Todavía hoy, después de muchos años, acostumbro levantarme muy temprano para escribir, cuando todo el mundo está dormido. No concibo la escritura como una actividad preclara, sino furtiva. Busco las monedas justas para huir del clima agobiante de siempre. Como me levanto muy temprano, mis amigos me admiran por mi disciplina.
(Morábito Fabio, “El idioma materno”, Buenos Aires, Ediciones Gog y Magog, 2014, pp. 9-10)
La memoria es algo extraño. Mientras estuve allí, apenas presté atención al paisaje. No me pareció que tuviera nada de particular y jamás hubiera sospechado que, dieciocho años después, me acordaría de él hasta en sus pequeños detalles. A decir verdad, en aquella época a mí me importaba muy poco el paisaje. Pensaba en mí, pensaba en la hermosa mujer que caminaba a mi lado, pensaba en ella y en mí, y luego volvía a pensar en mí. Estaba en una edad en que, mirara lo que mirase, sintiera lo que sintiese, pensara lo que pensase, al final, como un bumerán, todo volvía al mismo punto de partida: yo. Además, estaba enamorado, y aquel amor me había conducido a una situación extremadamente complicada. No, no estaba en disposición de admirar el paisaje que me rodeaba.
Sin embargo, ahora la primera imagen que se perfila en mi memoria es la de aquel prado. El olor de la hierba, el viento gélido, las crestas de las montañas, el ladrido de un perro. Esto es lo primero que recuerdo. Con tanta nitidez que tengo la impresión de que, si alargara la mano, podría ubicarlos, uno tras otro, con la punta del dedo. Pero este paisaje está desierto. No hay nadie. No está Naoko, ni estoy yo.«¿Adónde hemos ido?», pienso. «¿Cómo ha podido ocurrir una cosa así? Todo lo que parecía tener más valor —ella, mi yo de entonces, nuestro mundo— ¿adónde ha ido a parar?». Lo cierto es que ya no recuerdo el rostro de Naoko. Conservo un decorado sin personajes.
(Murakami, Haruki, Tokio blues (Norwegian Wood), Buenos Aires, Tusquets Editores, 2009).
La mayor diferencia entre la prosa y la poesía no radica en una cuestión de ritmo, de música o de mayor o menor presencia del elemento racional.

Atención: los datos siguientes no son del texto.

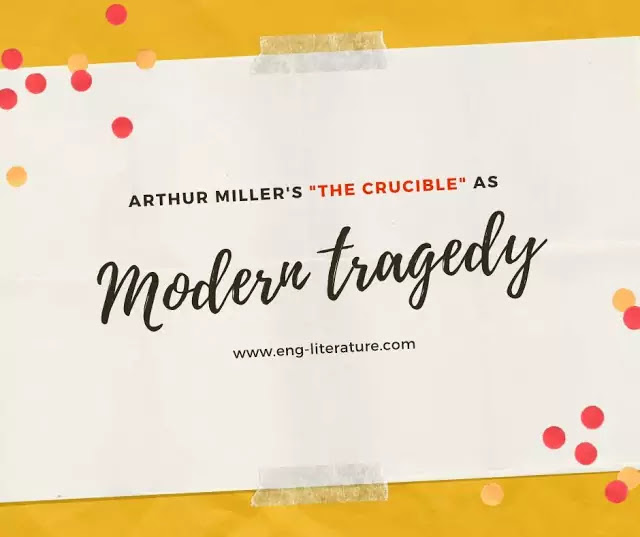 Would you consider Arthur Miller's, "The Crucible" as a Modern Tragedy?
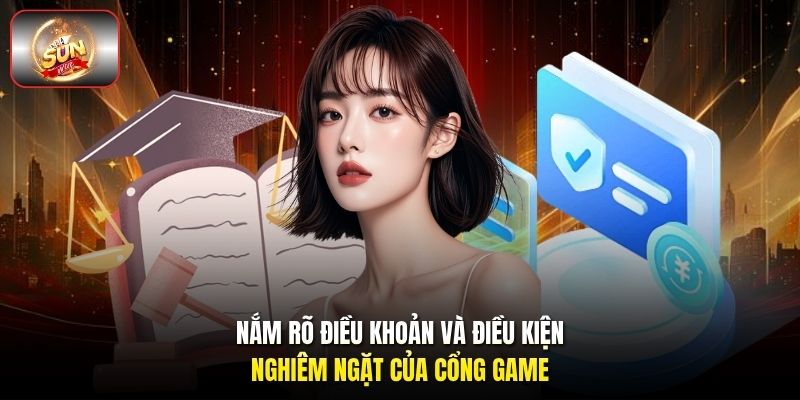 Nắm rõ điều khoản và điều kiện nghiêm ngặt của cổng game Nắm rõ điều khoản và điều kiện nghiêm ngặt của cổng game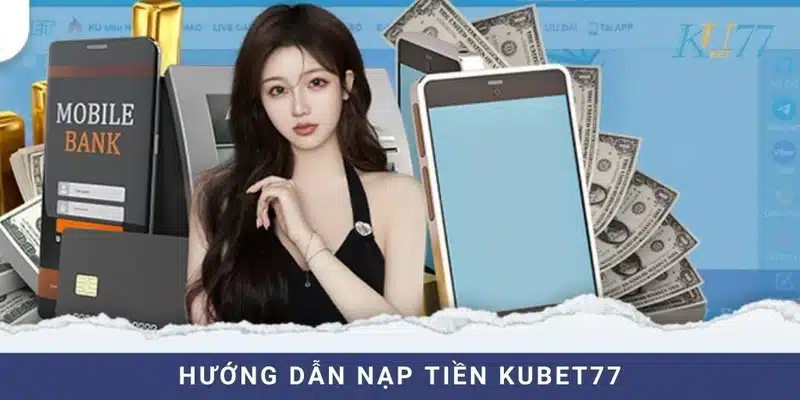 Thao tác nạp tiền Kubet77 chuẩn xác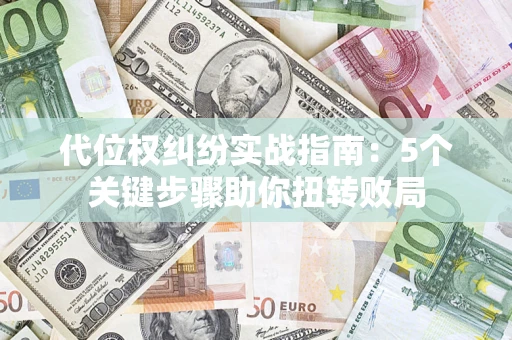 济南代位权纠纷实战指南：5个关键步骤助你扭转败局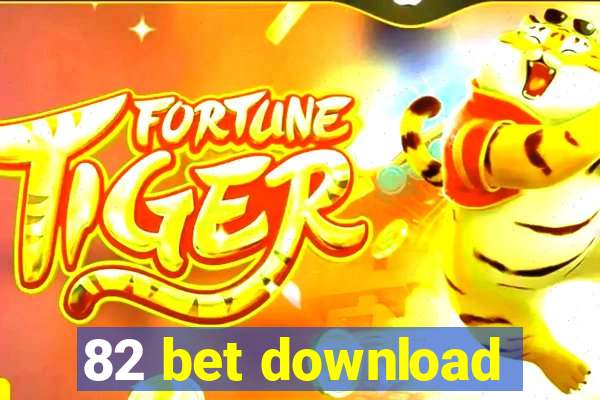 82 bet download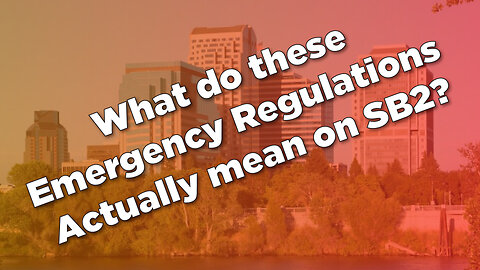 What do these Emergency Regulations Actually mean on SB2?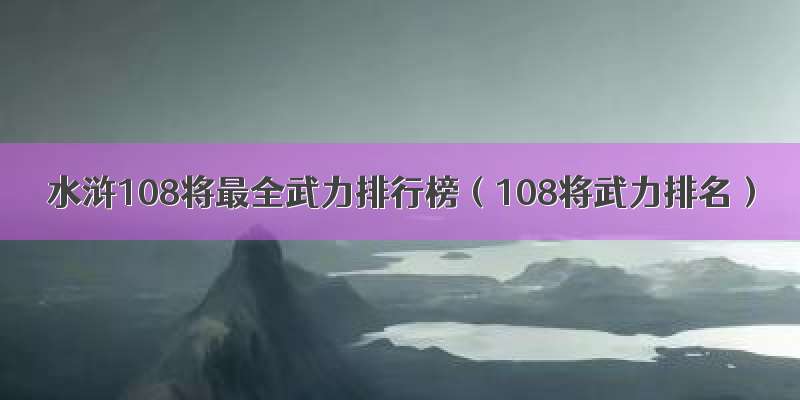 水浒108将最全武力排行榜（108将武力排名）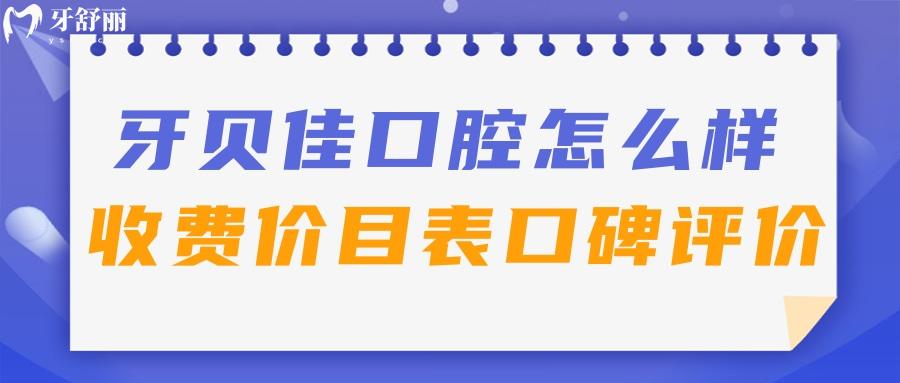 滁州牙贝佳口腔怎么样？了解下收费价目表口碑好不好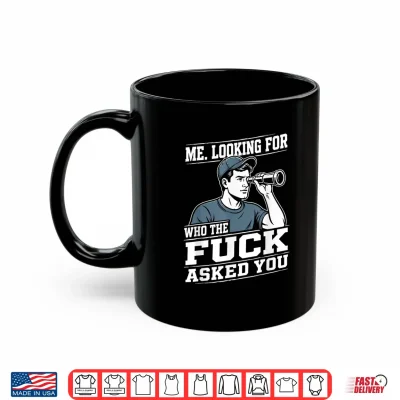 Mug Me Looking for Who The Fuck Asked You Sarcastic Humor Shirt
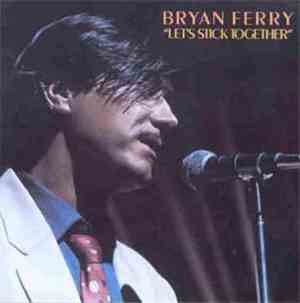Bryan Ferry - Let's Stick Together
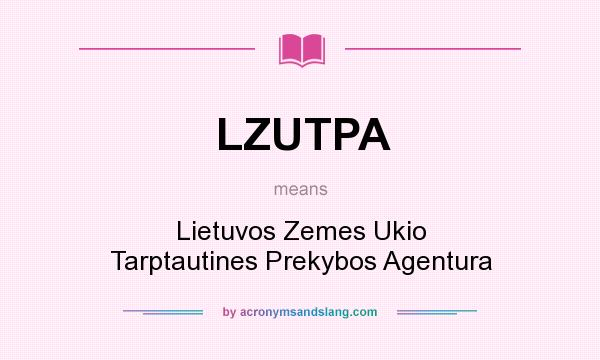 What does LZUTPA mean? It stands for Lietuvos Zemes Ukio Tarptautines Prekybos Agentura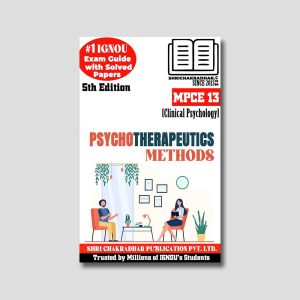 IGNOU MPCE 013 Help Book (Guide Book, Study Material) Psychotherapeutic Methods for Exam Preparations with Solved Latest Previous Year Question Papers (New Syllabus) IGNOU MA Clinical Psychology IGNOU MAPC 2nd Year mpce13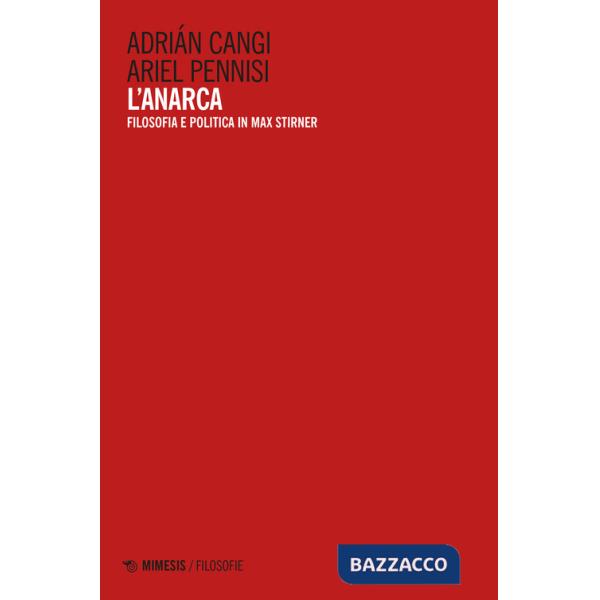 Anarca. Filosofia e politica in Max Stirner (L')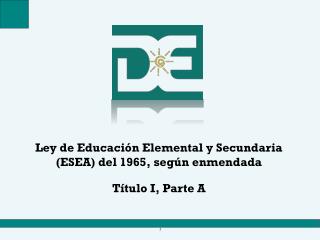 Ley de Educación Elemental y Secundaria (ESEA) del 1965, según enmendada Título I, Parte A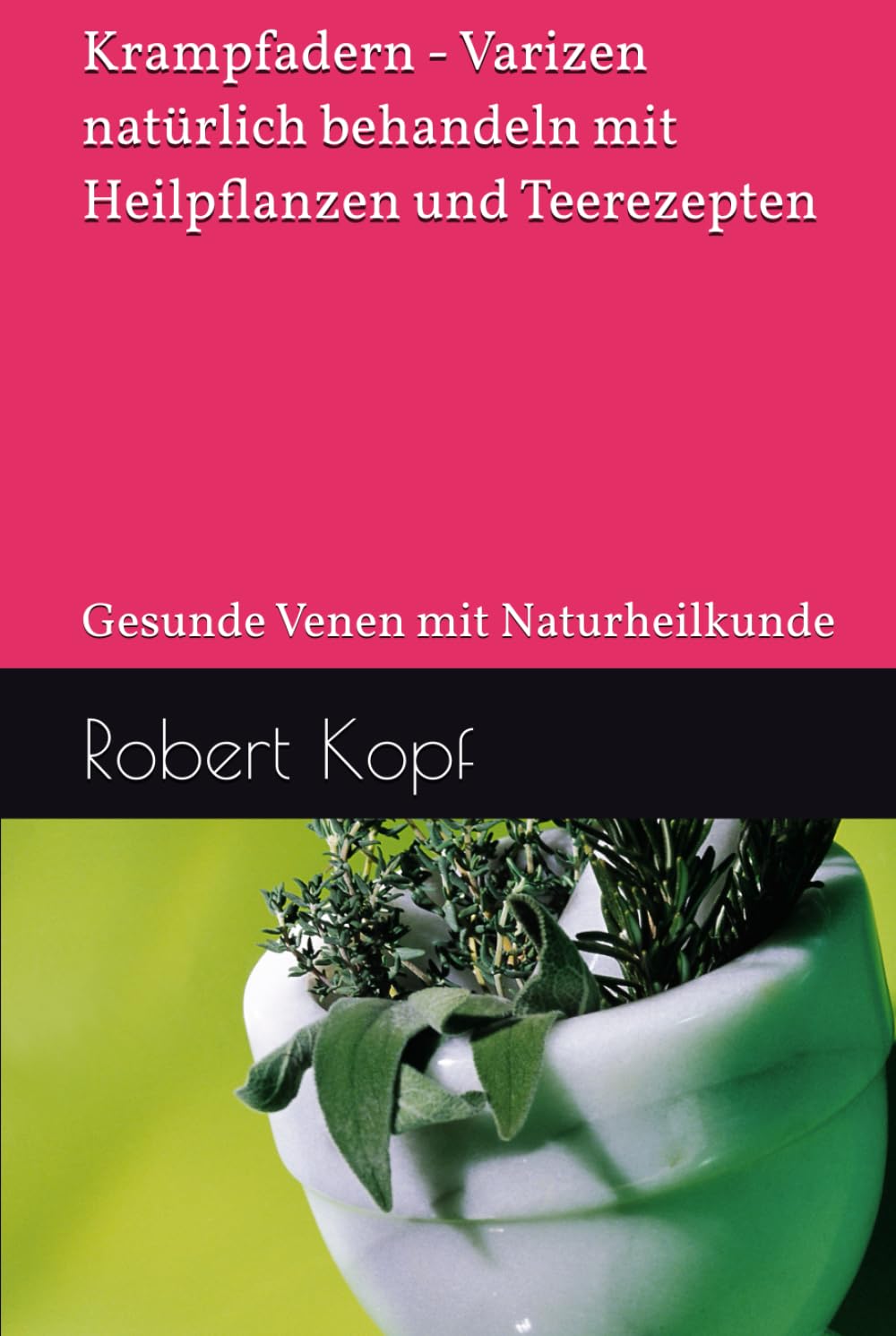 Krampfadern - Varizen natürlich behandeln mit Heilpflanzen und Teerezepten: Gesunde Venen mit Naturheilkunde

En estos rubros, en contra de la opinión corriente, prosa y poesía son iguales. La verdadera diferencia, diría la única, es que sólo hay una forma de escribir un poema, y es verso a verso, mientras no se escriben un cuento o una novela línea por línea. El cuentista y el novelista siempre saben un poco más de lo que están escribiendo; el poeta sólo sabe, de lo que escribe, el verso que lo tiene ocupado, y más allá de él no sabe nada; así, cada nuevo verso lo toma de sorpresa. Todo poema está fincado sobre la sorpresa de quien lo escribe y, en consecuencia, sobre su nula voluntad de construir algo, que se reafirma a cada paso, en cada verso. Siendo en mucha mayor medida que la prosa un arte de la escucha, la poesía debe ajustar cuentas con cada paso que da, antes de concebir el siguiente, y por eso carece de expectativas.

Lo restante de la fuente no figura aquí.